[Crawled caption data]
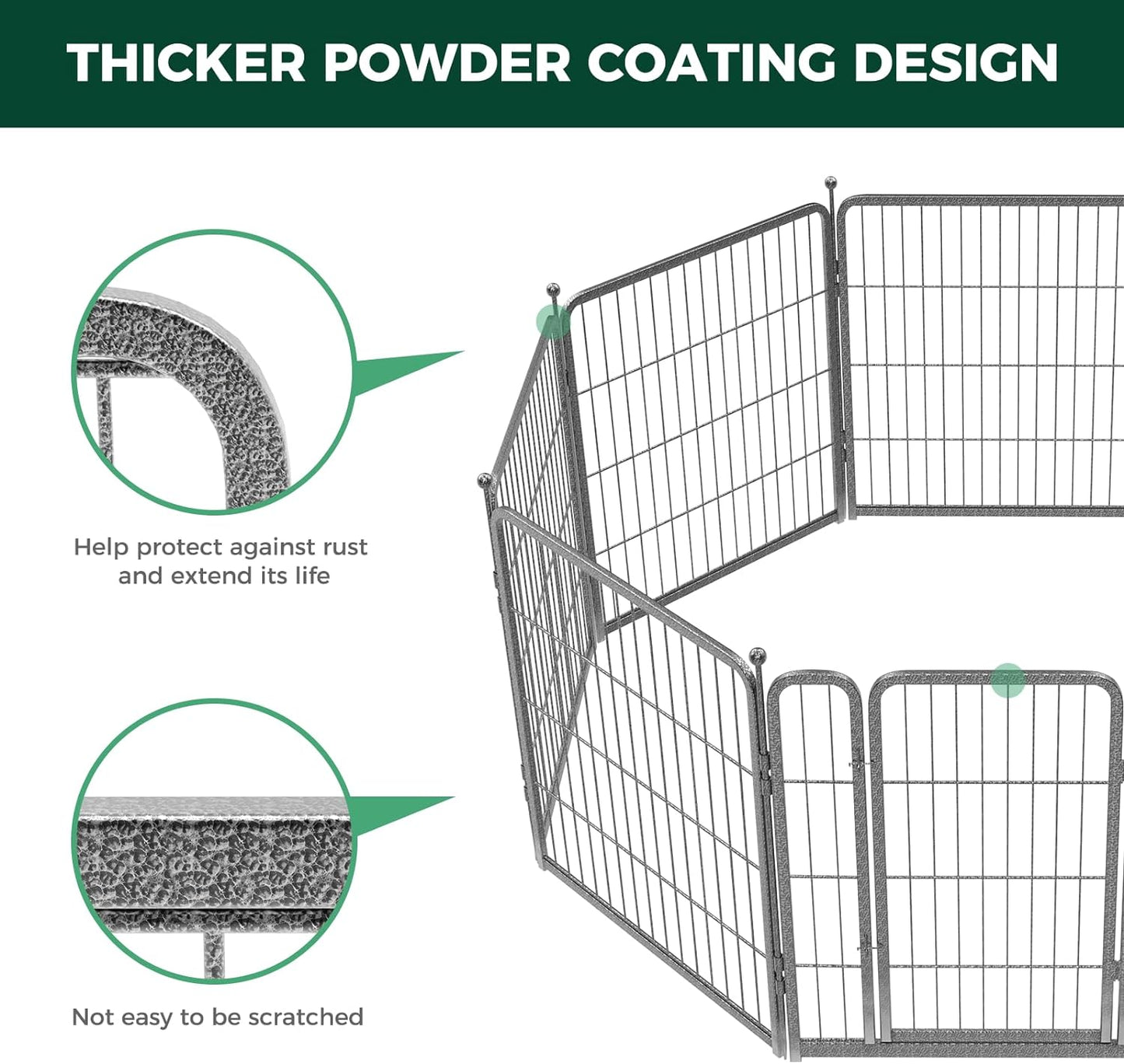 FXW Garden Fence Outdoor for The Yard – 32in(H) x 36.4ft(L) Heavy Duty Metal Animal Barrier for Dog and Rabbit, Decorative Dog Fence, 16 Panels, Silver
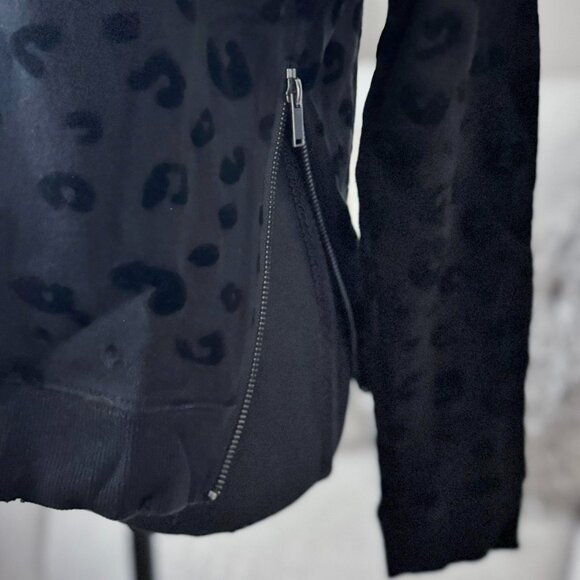 Rails Marlo Black Leopard Long Sleeve Crewneck Zip Pullover Sweatshirt Size XS - Picture 5 of 7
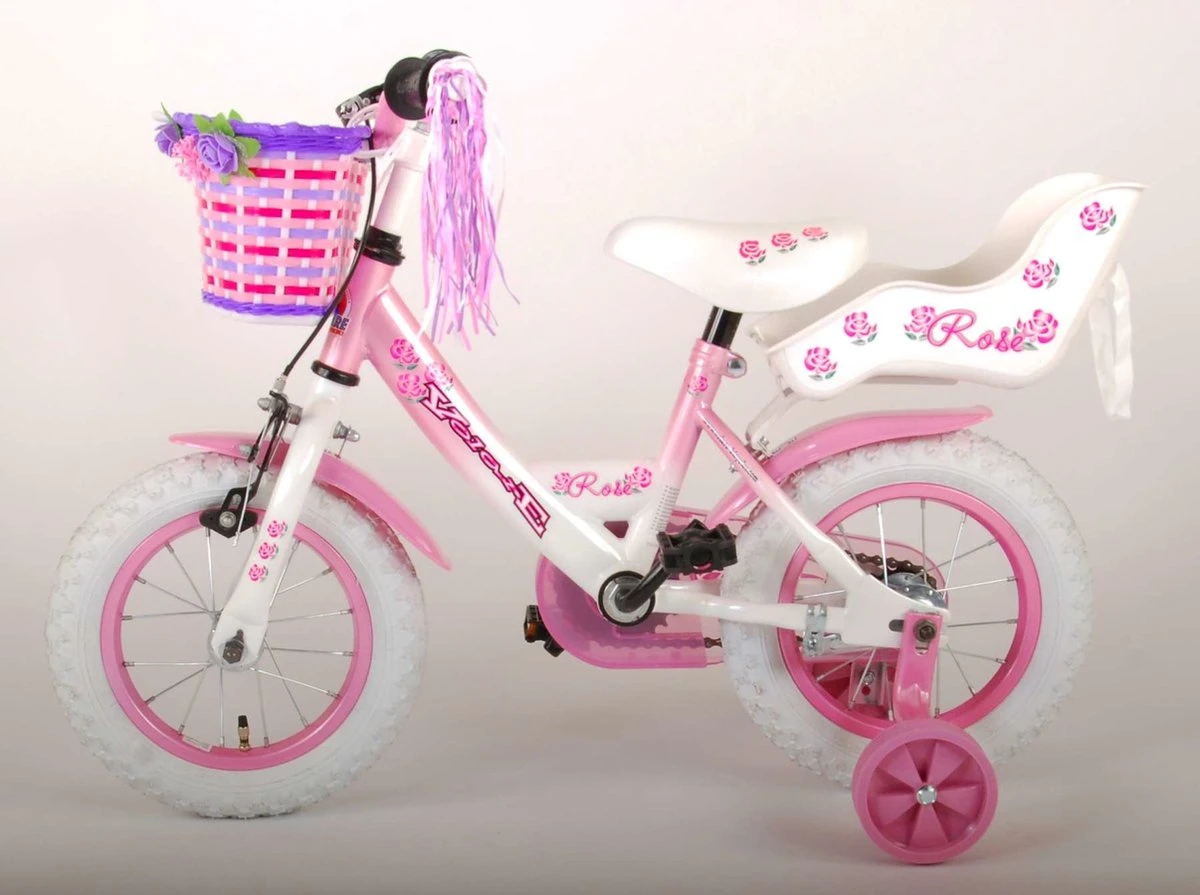 Volare Rose Kinderfiets - 12 Inch - Meisjes - Roze/wit - 95% Afgemonteerd 8 Volare Rose Kinderfiets - 12 Inch - Meisjes - Roze/wit - 95% Afgemonteerd - Afbeelding 6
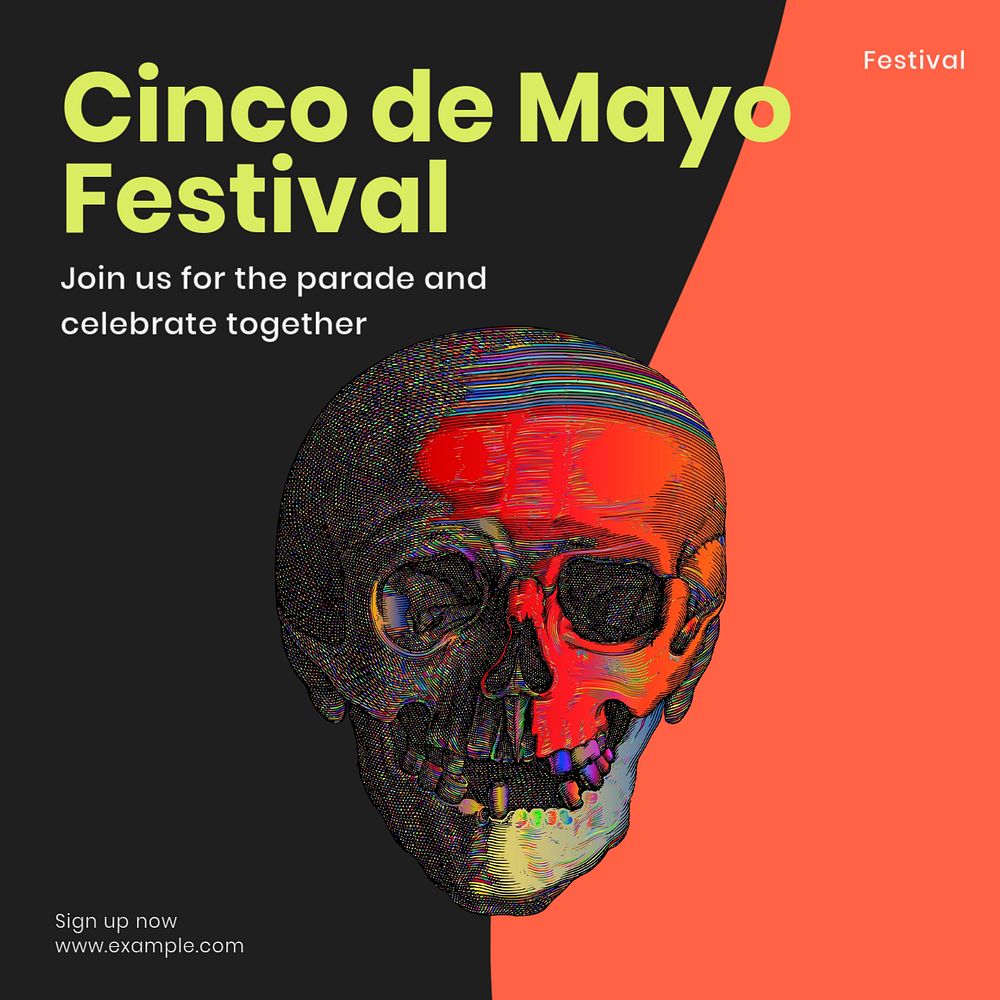 Cinco de Mayo Facebook ad template, editable text & design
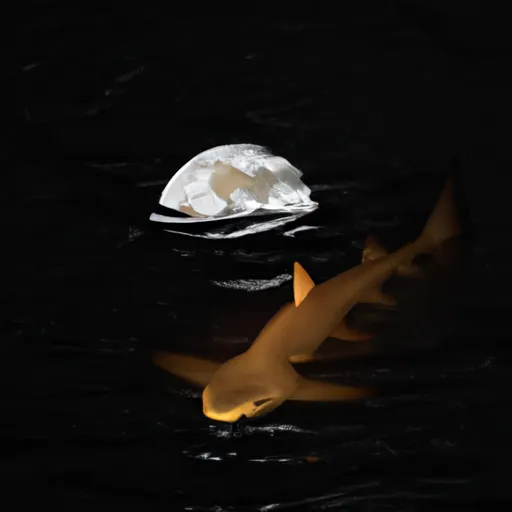 "A full moon illuminating a sturgeon fish in a river in August 2023"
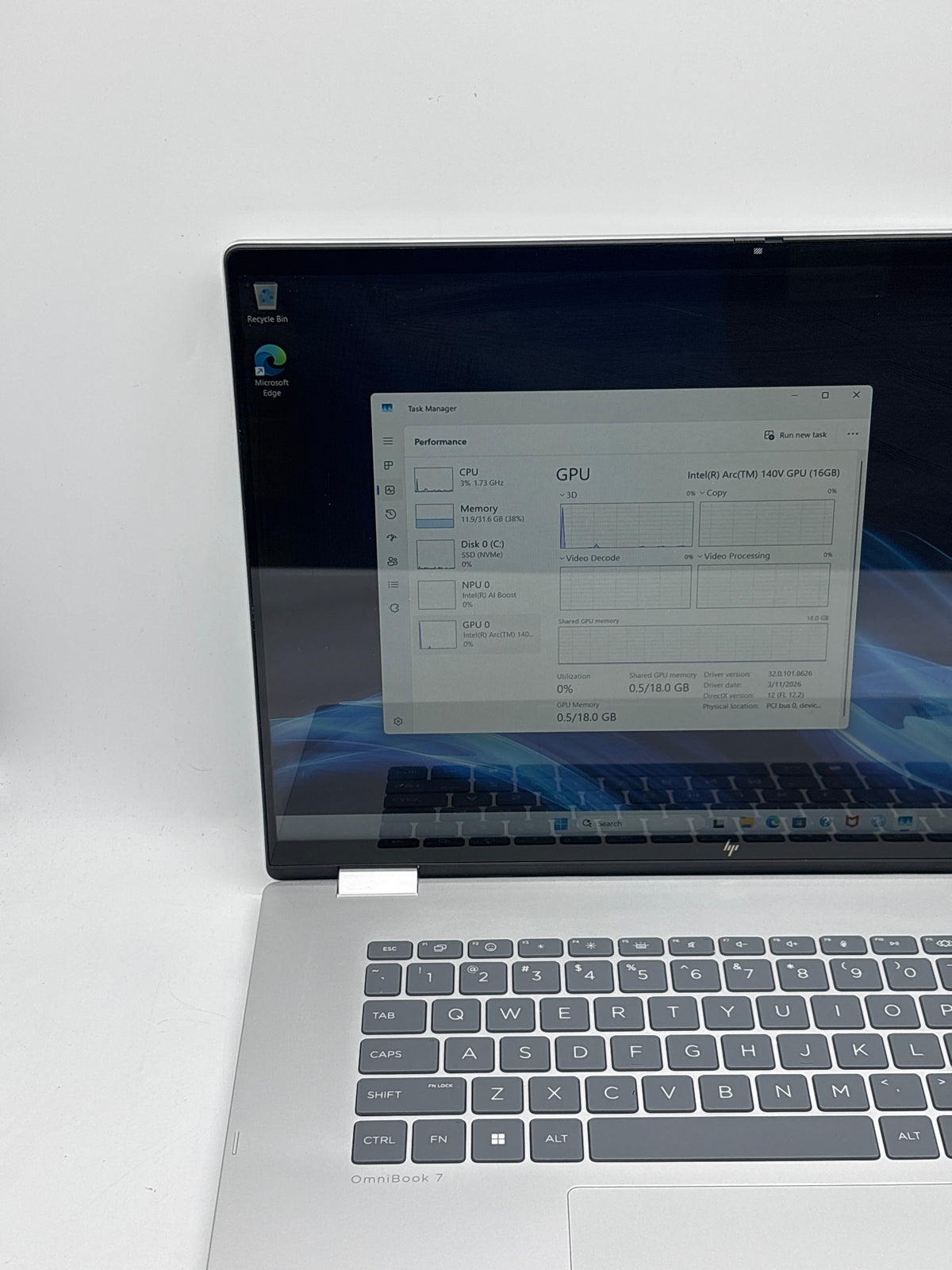 HP Omnibook 7 Flip 16t-au000 16" Core Ultra 7 258V 32GB RAM 1TB SSD Silver - Used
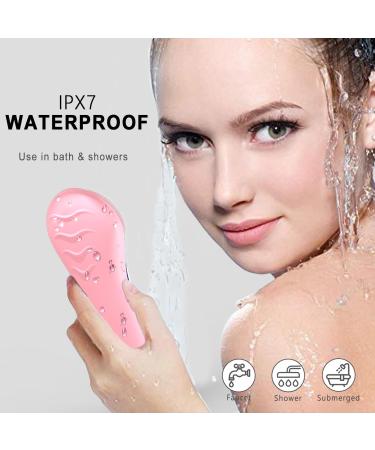 Silicone Face Scrubber Exfoliator | Rechargeable Sonic Facial Cleansing Brush with LCD Screen for Men & Women - Deep Cleansing & Exfoliating in Pink - Buy Online on GoSupps.com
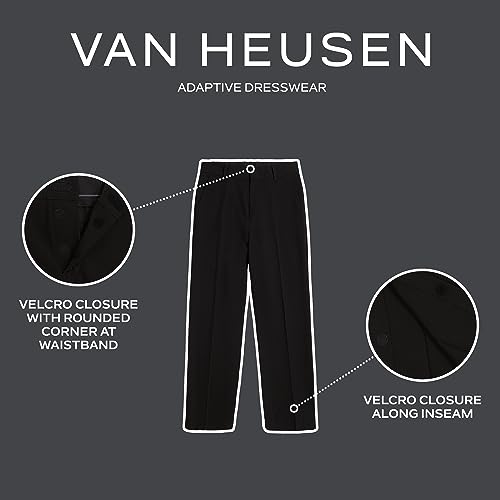 Van Heusen Boys' Adaptive Flex Stretch Flat Front Dress Pants, Velcro Closure At Waist & Leg Opening3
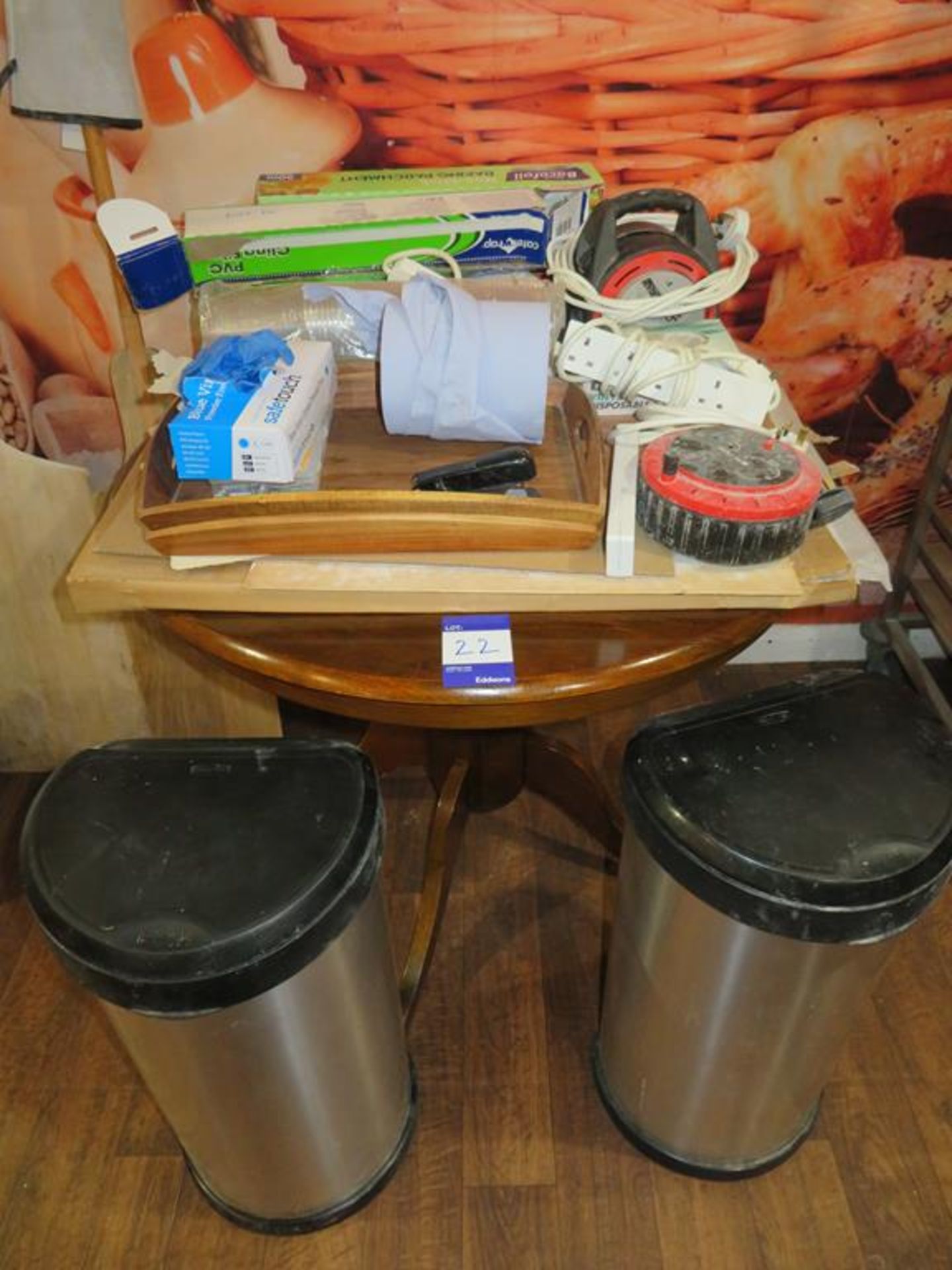 Circular Darkwood Table, 2 x Bins, Wooden Trays, Packaging etc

What the task asks
Return every entry above exactly as written, with no pictures included.

Response below
 FXW Garden Fence Outdoor for The Yard – 32in(H) x 36.4ft(L) Heavy Duty Metal Animal Barrier for Dog and Rabbit, Decorative Dog Fence, 16 Panels, Silver
 Rails Marlo Black Leopard Long Sleeve Crewneck Zip Pullover Sweatshirt Size XS - Picture 5 of 7
 Volare Rose Kinderfiets - 12 Inch - Meisjes - Roze/wit - 95% Afgemonteerd 8 Volare Rose Kinderfiets - 12 Inch - Meisjes - Roze/wit - 95% Afgemonteerd - Afbeelding 6
 Cinco de Mayo Facebook ad template, editable text & design
 "A full moon illuminating a sturgeon fish in a river in August 2023"
 HP Omnibook 7 Flip 16t-au000 16" Core Ultra 7 258V 32GB RAM 1TB SSD Silver - Used
 Silicone Face Scrubber Exfoliator | Rechargeable Sonic Facial Cleansing Brush with LCD Screen for Men & Women - Deep Cleansing & Exfoliating in Pink - Buy Online on GoSupps.com
 Van Heusen Boys' Adaptive Flex Stretch Flat Front Dress Pants, Velcro Closure At Waist & Leg Opening3
 Circular Darkwood Table, 2 x Bins, Wooden Trays, Packaging etc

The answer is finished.